The procedure described in SRP 1-95 will be incorporated in a revised composites handbook that the Mil-Handbook 17 Committee plans to publish in January 1997, said Banisaukas, technical service specialist with Amoco Performance Products Inc. of Alpharetta, Ga.
Focus groups explore nontraditional areas
A focus group explored rail industry use of polymer-composite materials at a Minneapolis meeting as SACMA's first step in looking at nontraditional market sectors.
Composite suppliers face a steep learning curve in efforts to penetrate the conservative railroad industry, which resists change, avoids sharing data on improvements and operates with labor constraints, Glen Mandigo, associate with GHL Inc. in Washington, reported to the SACMA conference. The Sept. 26 focus group was coordinated with the American Railway Engineering Association and two other railway groups.
Other SACMA focus groups are looking at marine, highway and residential building applications.
Mark Bialy, senior account manager with Ciba-Geigy Corp.'s polymers division in Fountain Valley, Calif., coordinated a Nov. 17 focus group on marine applications in conjunction with a San Pedro, Calif., meeting of the American Association of Port Authorities.
Fred Isley, market manager with Hexcel Corp. in Pleasanton, Calif., will coordinate a Jan. 10 meeting on highway applications in conjunction with a Washington meeting of the Transportation Research Board.
Richard Brown, manager of braided products for Atlantic Research Corp. in Gainesville, Va., will coordinate an April focus group on residential building applications in conjunction with a Washington meeting of the American Institute of Architects' professional interest area on building performance and regulations.
Composites should target transportation
SACMA members have a keen interest in selling more for surface transportation applications. They have retained TMA International of Chevy Chase, Md., to gather data about market drivers, barriers and development cycles of cars, buses, trains and other surface vehicles.
``The composites community needs to convince [automotive] component release engineers and platform people, because that's where most of the material changes get turned down,'' Bruce Preble, senior partner, told the SACMA conference.
Major barriers to using polymer composites for structural applications involve process, recycling, cost and safety issues.
Preble said the Partnership for a New Generation of Vehicles does not foresee a concept vehicle until the year 2000, or production of a composite-intensive vehicle until 2005. PNGV, which comprises representatives of the federal government and automotive original equipment manufacturers, seeks to develop a full-size car that will get 80 miles per gallon.
Members are urged to educate Congress
Composite-material suppliers should try to educate Congress about science and technology because those in the Capitol reject the message, Tom Sellers, Washington representative for DuPont Co., told SACMA's government affairs committee.

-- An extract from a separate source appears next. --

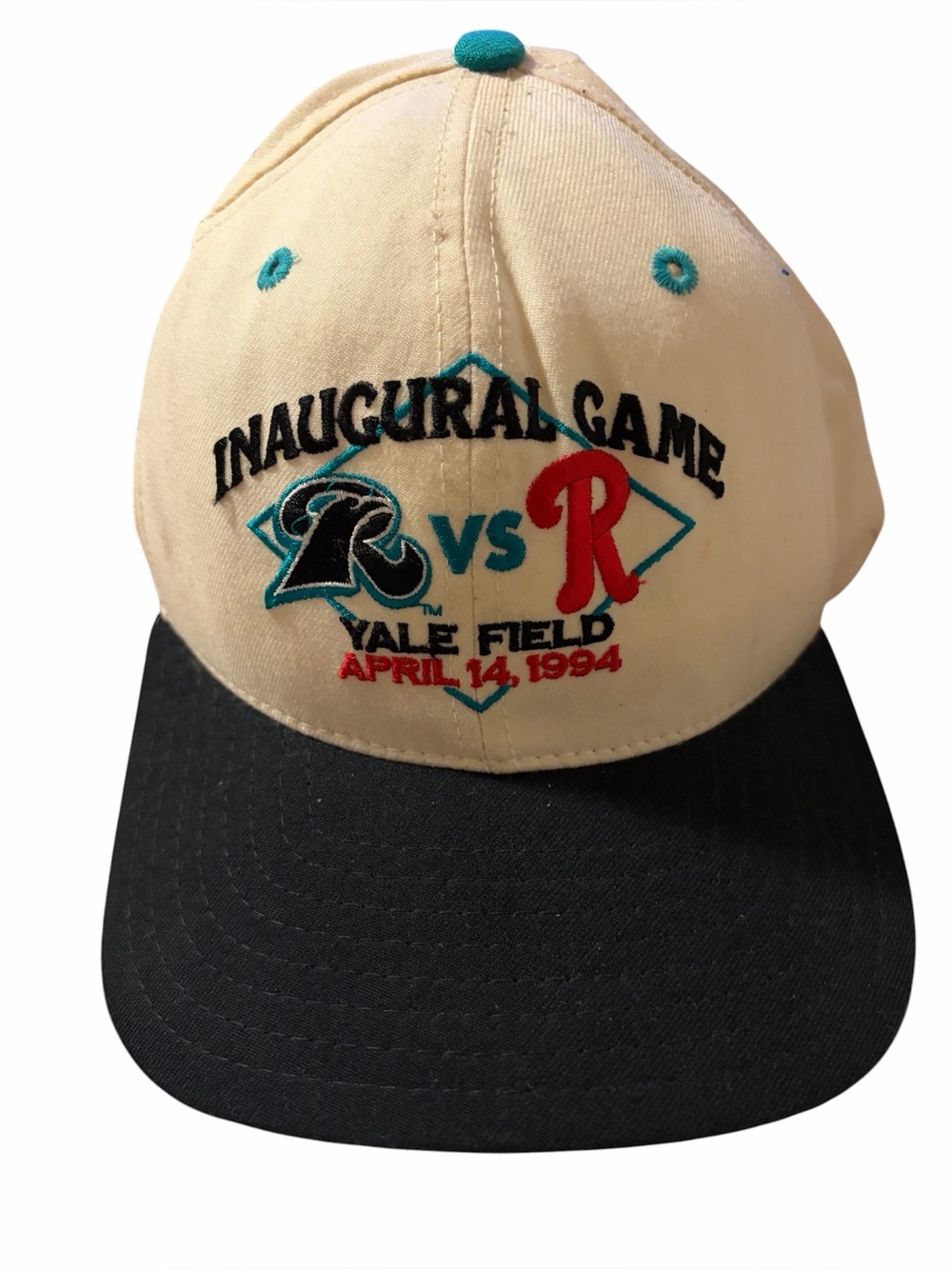 Inaugural Game Yale Field Baseball Cap - Cream & Black RARE SnapBack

Academia and manufacturers appear willing to advance technology development, but ``the only reluctant party we have is government.''
Sellers co-chairs the Coalition for Technology Partnerships, which comprises companies, associations, universities and professional groups. The coalition is targeting members with less than five years in Congress; many of the members categorically reject funding for technology programs.
``This is [about] jobs and not politics,'' Sellers said.
The coalition plans conferences to reinforce the science-and-technology message.
SACMA's board agreed to support the coalition's efforts.
Jeffrey Abboud, SACMA government affairs director, cited the need to define differences between basic and applied research and development and to emphasize specific composite advancements resulting from federal investment.